■ **Try it**
Could you give back exactly the lines below from the one with "thumbnail image 6" through the one with "Nepalese mountaineer Nirmal", without a single picture?

■ **Entries shown**

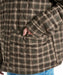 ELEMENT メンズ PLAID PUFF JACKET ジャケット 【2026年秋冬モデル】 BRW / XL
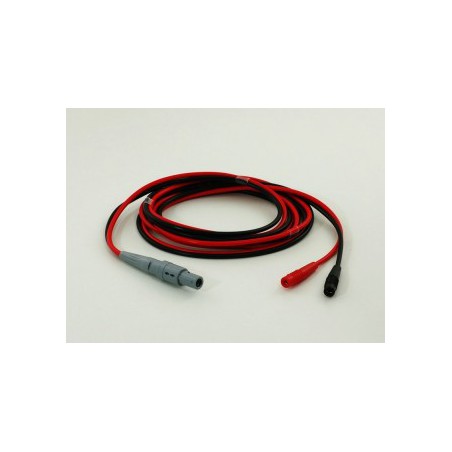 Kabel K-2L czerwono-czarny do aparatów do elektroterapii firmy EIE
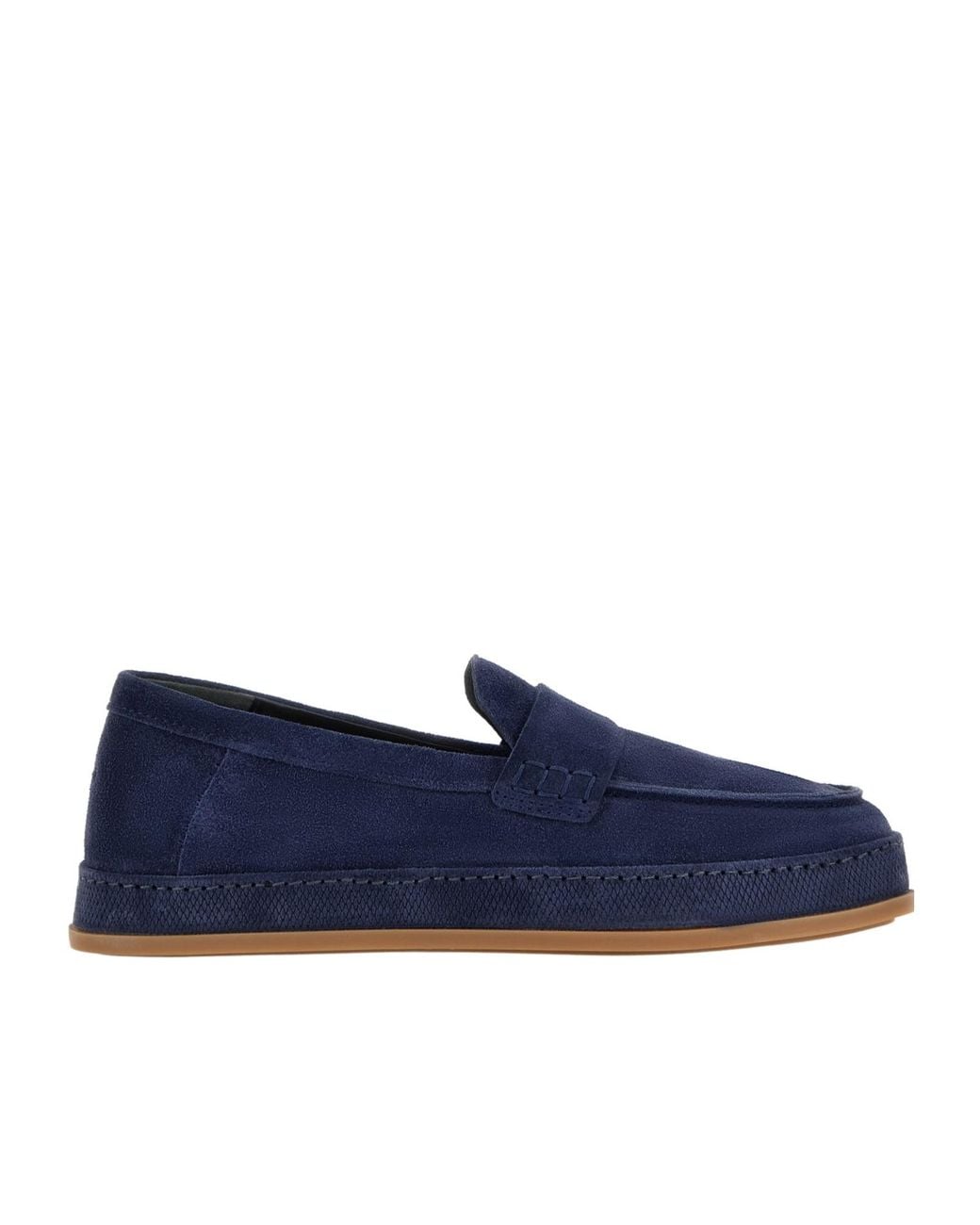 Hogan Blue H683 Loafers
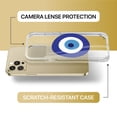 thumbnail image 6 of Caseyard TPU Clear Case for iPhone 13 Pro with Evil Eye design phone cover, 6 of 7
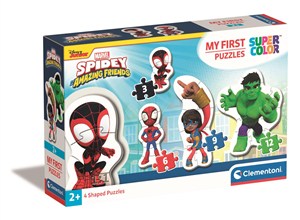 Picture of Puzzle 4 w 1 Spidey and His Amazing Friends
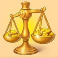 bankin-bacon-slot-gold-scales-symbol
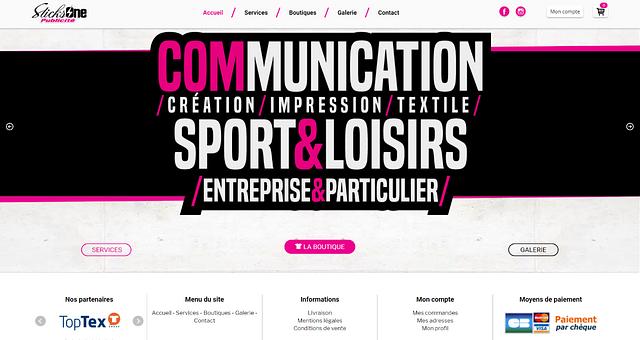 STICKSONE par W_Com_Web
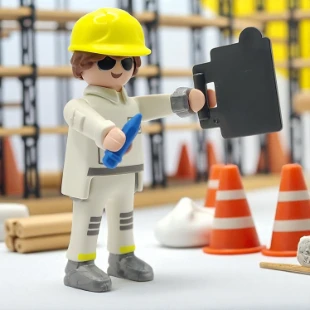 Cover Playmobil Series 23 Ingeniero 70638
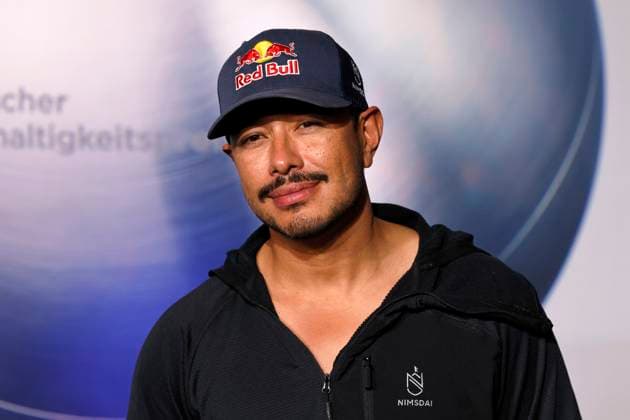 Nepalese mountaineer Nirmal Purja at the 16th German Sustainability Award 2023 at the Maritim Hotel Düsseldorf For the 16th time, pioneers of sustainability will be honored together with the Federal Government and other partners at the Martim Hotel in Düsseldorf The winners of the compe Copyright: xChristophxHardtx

* * *

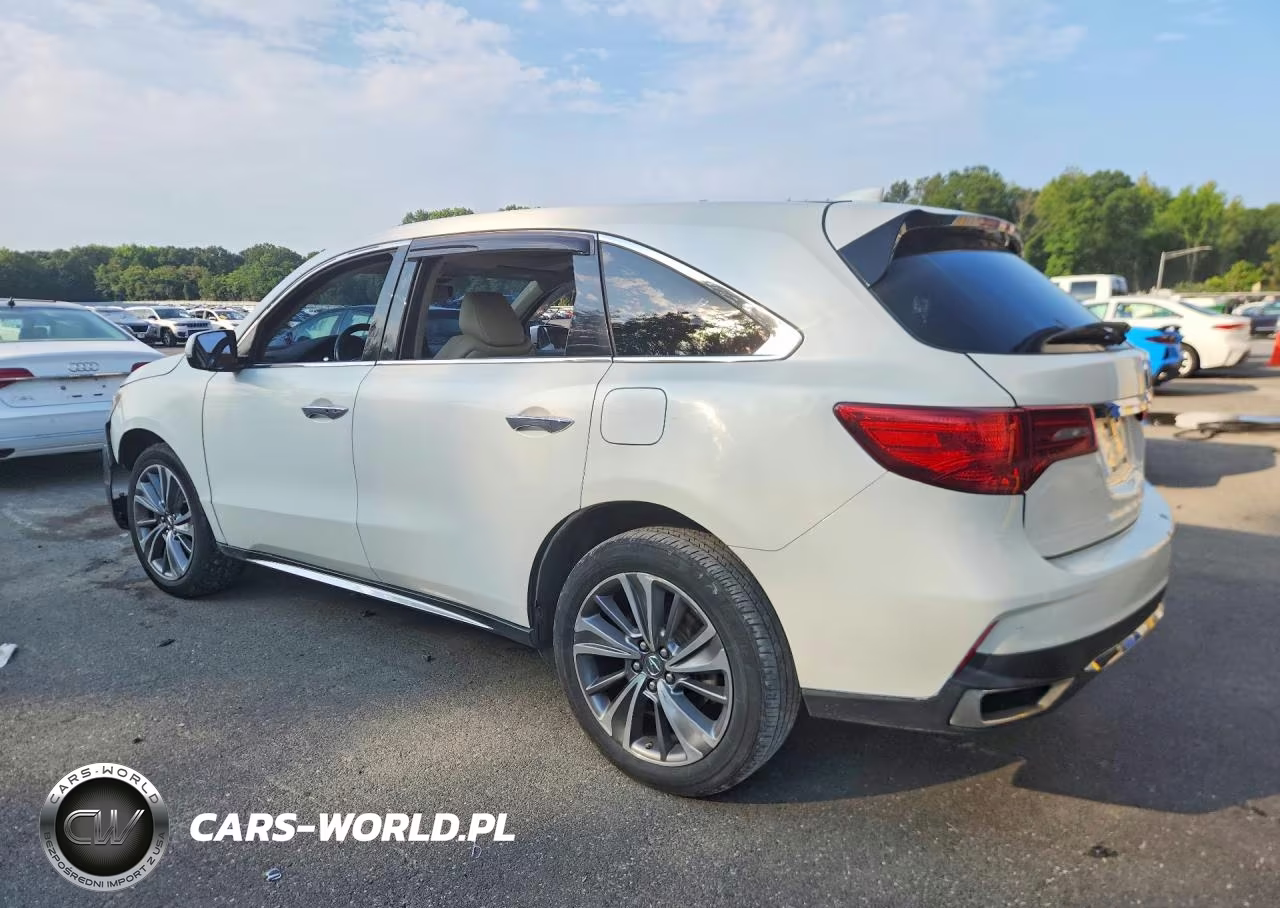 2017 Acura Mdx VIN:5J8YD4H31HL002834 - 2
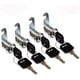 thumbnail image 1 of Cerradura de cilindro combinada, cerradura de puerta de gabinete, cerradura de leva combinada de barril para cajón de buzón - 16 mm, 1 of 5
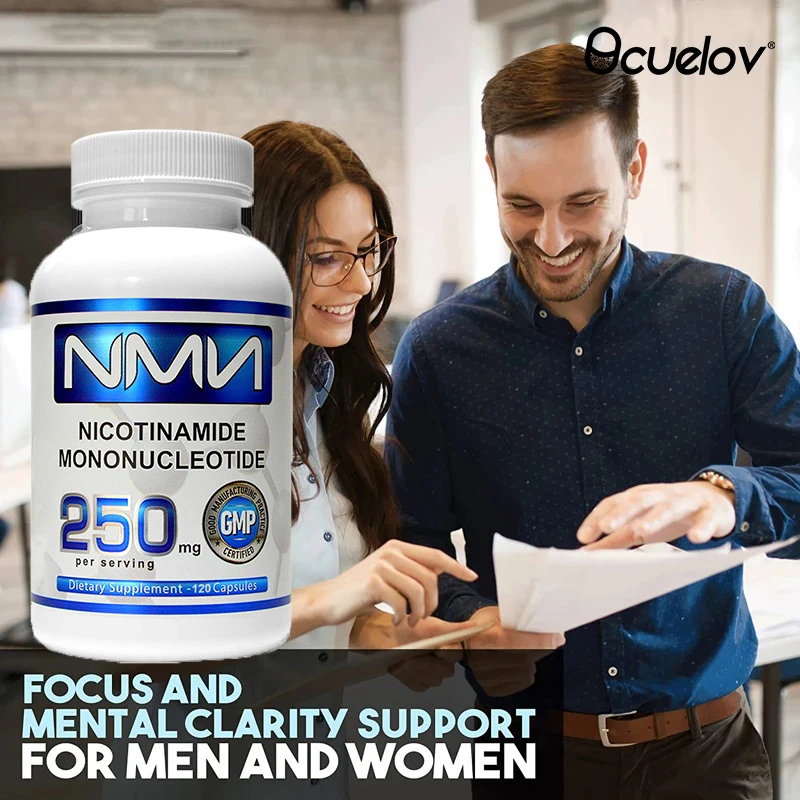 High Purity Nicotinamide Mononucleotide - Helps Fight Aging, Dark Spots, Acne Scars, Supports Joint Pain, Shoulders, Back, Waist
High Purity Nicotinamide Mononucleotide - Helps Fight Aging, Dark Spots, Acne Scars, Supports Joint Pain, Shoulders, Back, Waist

■ **Written reply**
 thumbnail image 6 of Caseyard TPU Clear Case for iPhone 13 Pro with Evil Eye design phone cover, 6 of 7
 Picture of Puzzle 4 w 1 Spidey and His Amazing Friends
 bankin-bacon-slot-gold-scales-symbol
 STICKSONE par W_Com_Web
 Cover Playmobil Series 23 Ingeniero 70638
 Nepalese mountaineer Nirmal Purja at the 16th German Sustainability Award 2023 at the Maritim Hotel Düsseldorf For the 16th time, pioneers of sustainability will be honored together with the Federal Government and other partners at the Martim Hotel in Düsseldorf The winners of the compe Copyright: xChristophxHardtx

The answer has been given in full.